Comment ne pas penser au terrifiant Château de Kafka ! Mais la ressemblance est subtile. Philippe Claudel explore davantage le côté social du monde. Là où chacun est réduit à un rôle, dans un système impersonnel et asexué de fonctions, de rouages, un grand mécanisme sans intelligence dans lequel ces fonctions, ces rouages interviennent et interagissent en vue de le faire fonctionner (p. 221), l'Enquêteur n'est qu'un rôle parmi d'autres. Le roman est nourri de théâtralité, avec des entrées et des sorties fracassantes, des personnages dont le masque est figé pour l'éternité, des répétitions et des scènes qui semblent déjà écrites. L'Enquêteur se perd dans cet univers forcément faux, totalement onirique et qui n'était en rien la vie. (p. 142) Et qu'est-ce que le roman, le récit, si ce n'est une apparence de réel sans le souffle de la vie ?
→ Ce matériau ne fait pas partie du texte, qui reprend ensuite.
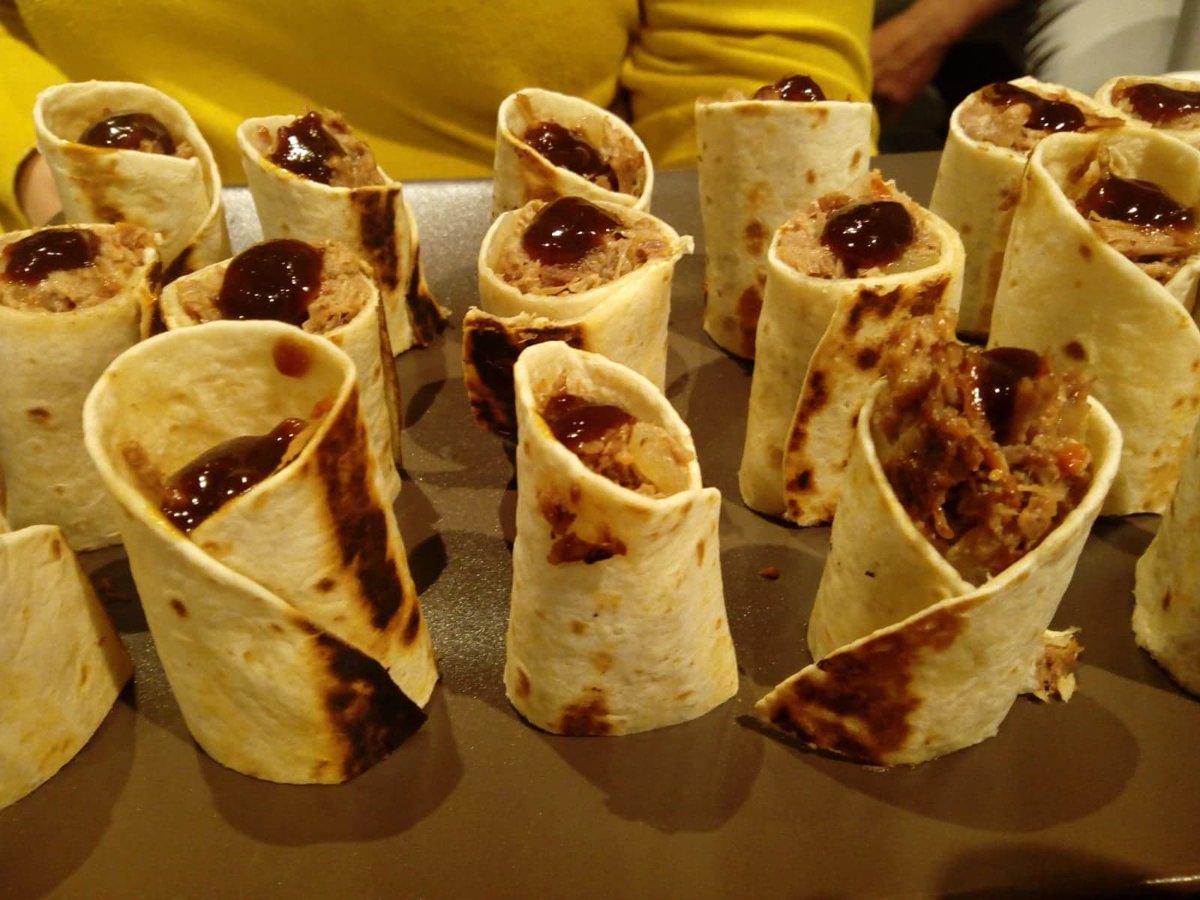 RougieES's tweet photo. Elaboració de precuinats amb productes de l'ànec: idees per als taulells de #xarcuteria (patés, tacos, crestes, canelons, #croquetes, hamburgueses, fantasies per Nadal). Coneixement i treball del #foie (elaboració d'un #micuit). By Joaquim Mallafrè, assessor gastronòmic #Rougié. https://t.co/tHUlx3PVW0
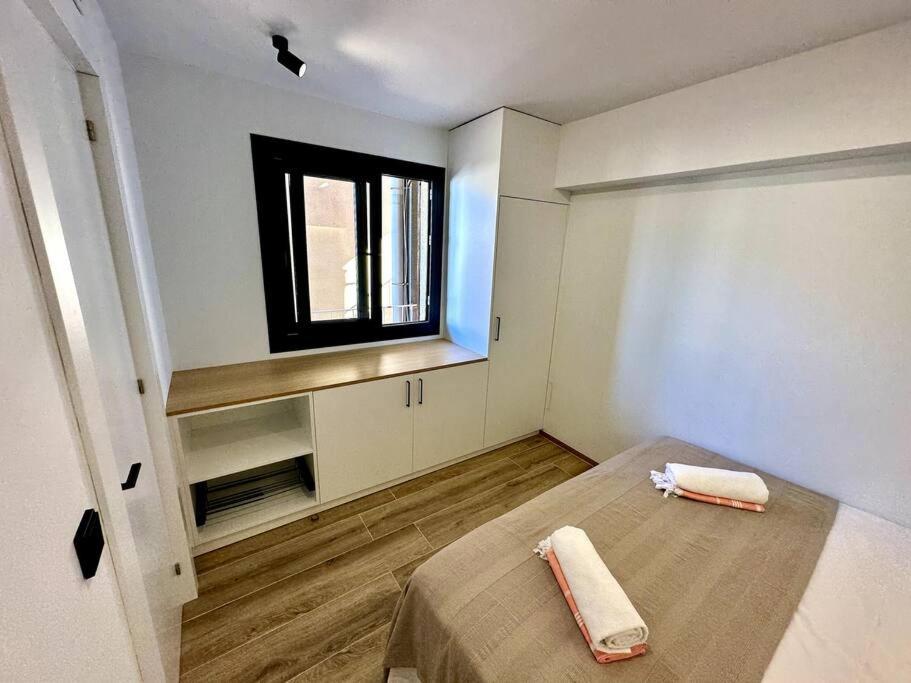 Apartment Moderno Y Acogedor Con Terraza “ Llebeig” *
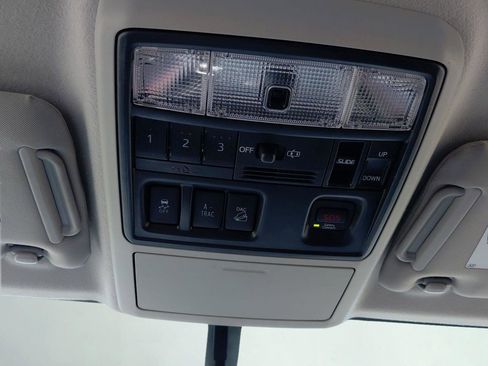 Used 2018 Toyota 4Runner Limited AWD/4WD image 29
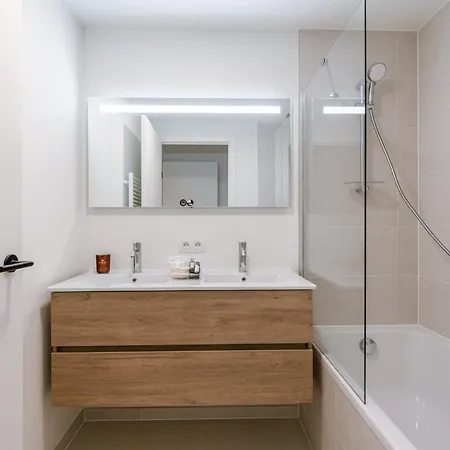 Luxury 4-guest Balcony And Free Parking * Ostenda
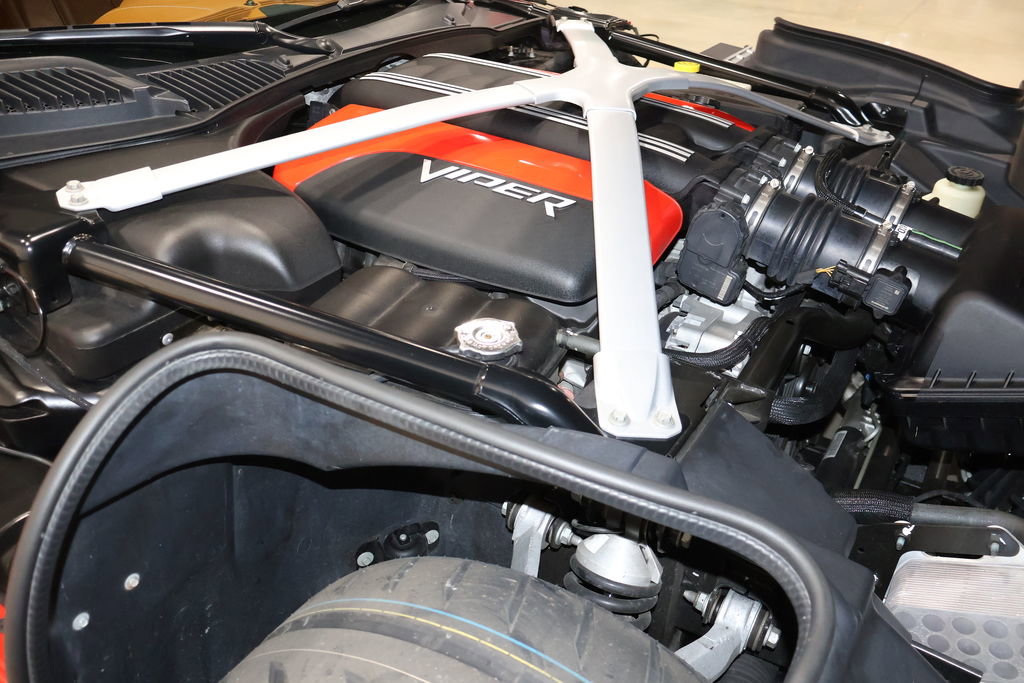 Used 2013 SRT Viper GTS w/ GTS Laguna Interior Pkg image 36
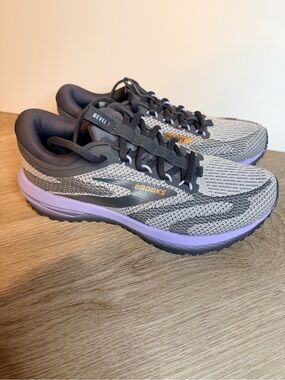 Brooks Revel 7 Athletic Shoes - Gray/ Lavender READ DESCRIPTION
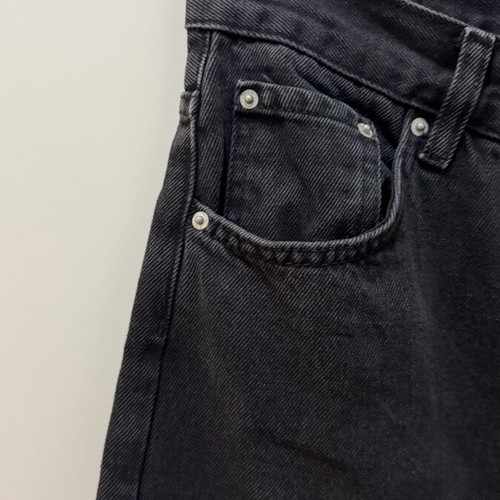 Pull & Bear Jean 3/4 like new, size L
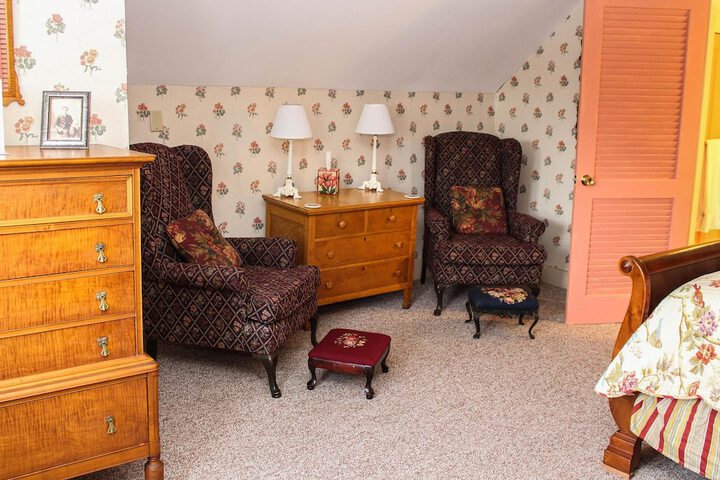 Room 19 of 66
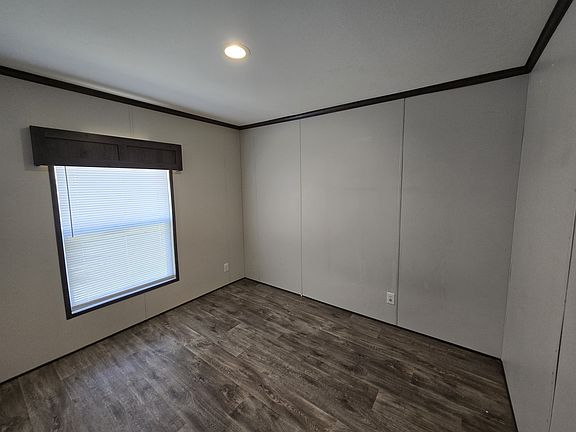 4th image of 338 Pineland Ave #118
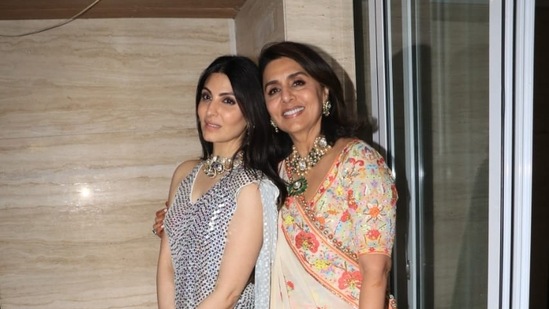Riddhima Kapoor with Neetu Kapoor after the mehendi.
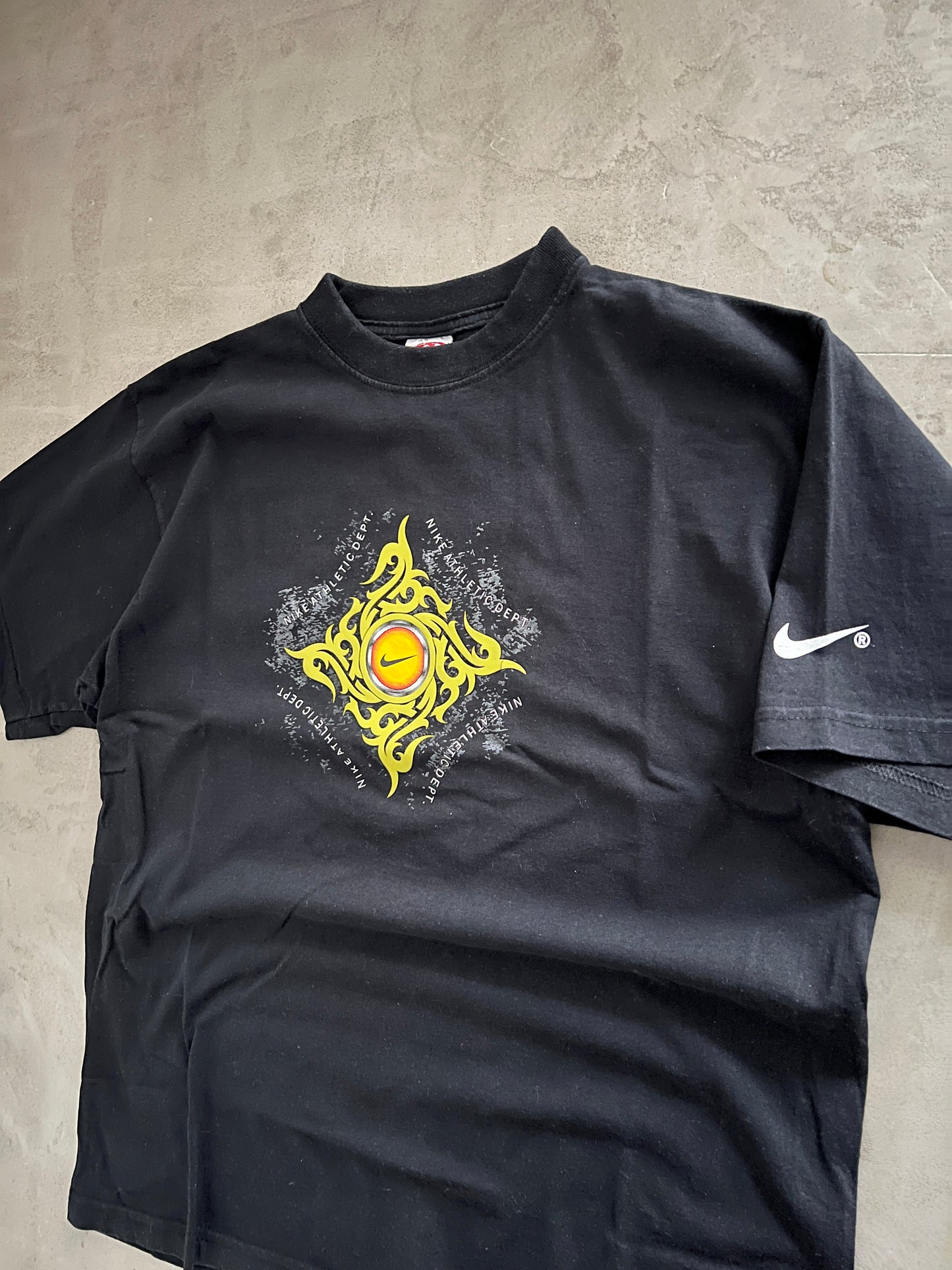 BLACK NIKE BOOTLEG TEE - 1990S - L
L'absence totale d'anthroponymie ou de toponymie rend l'onomastique factice : l'intrigue se déroule nulle part et est menée par personne. La non-personnalisation des protagonistes ou des lieux rend le récit universel mais intangible, encore plus impalpable. Dans l'impossibilité de nommer, de s'accrocher à des référents qui ne soient pas schématiques, le texte devient un canevas désincarné et transposable à l'infini. Le récit n'en est que plus percutant. En n'accusant personne, il désigne tout le monde.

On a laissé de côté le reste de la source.